Web page caption snippets:
╔══

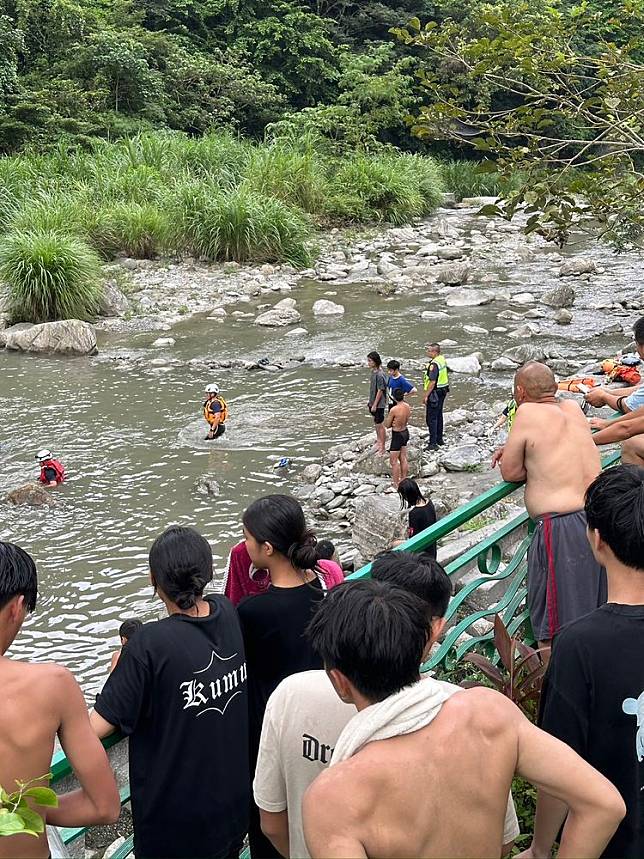 警消及熱心民眾載溺水處協助打撈溺水高中生。民眾提供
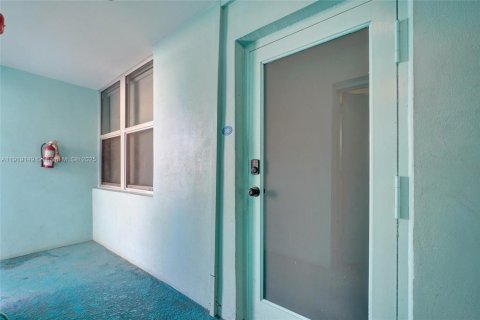 Condo in Miami Beach, Florida, 1 bedroom № 1974397 - photo 12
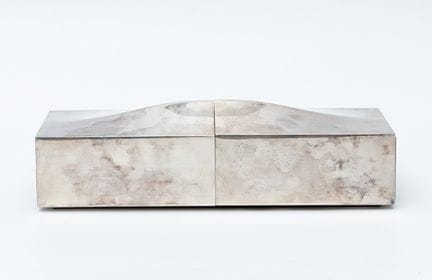 首饰盒；ROBBE &amp; BERKING，德国，20世纪下半叶。

银质，内衬木芯。

带有银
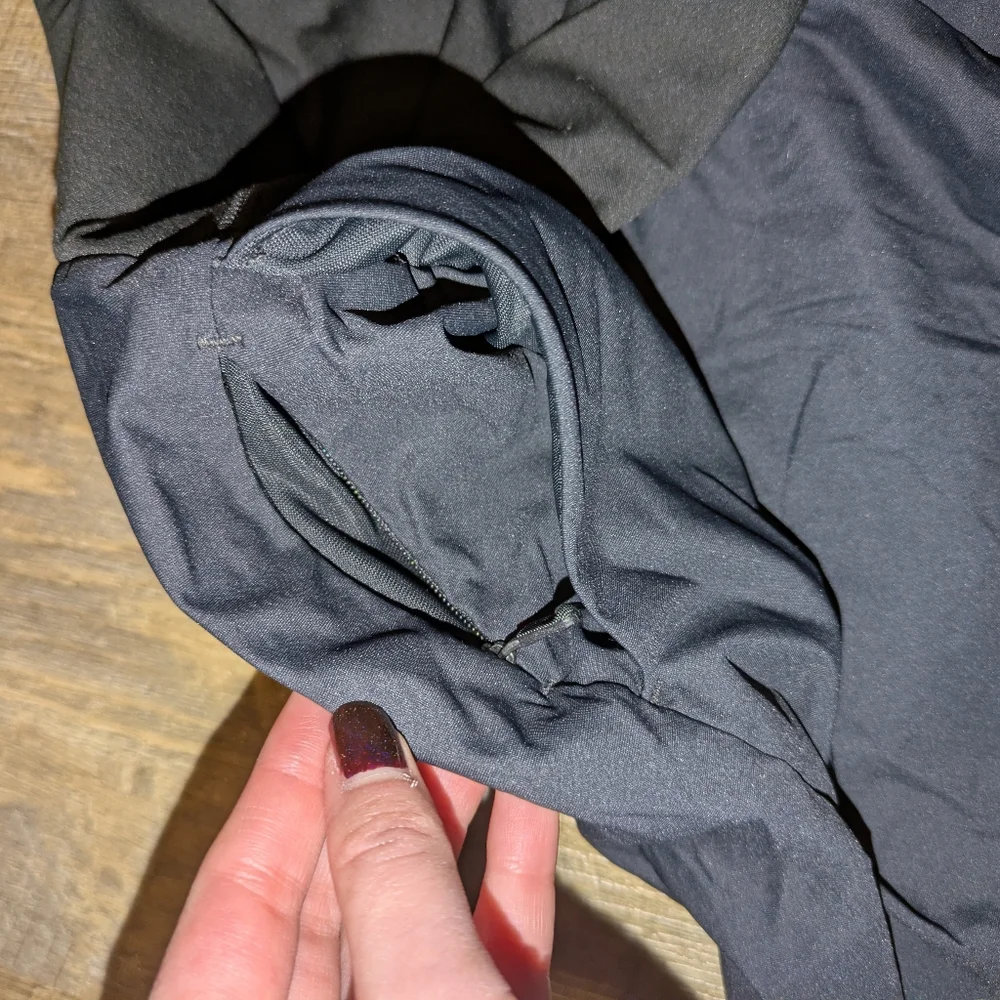 Uniqlo Black Athletic Shorts Size Small - Picture 3 of 4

╚══

WORK ITEM:
Print out the entries once more, unchanged. No pictures.

OUTPUT:
 警消及熱心民眾載溺水處協助打撈溺水高中生。民眾提供
 Condo in Miami Beach, Florida, 1 bedroom № 1974397 - photo 12
 首饰盒；ROBBE &amp; BERKING，德国，20世纪下半叶。

银质，内衬木芯。

带有银
 Uniqlo Black Athletic Shorts Size Small - Picture 3 of 4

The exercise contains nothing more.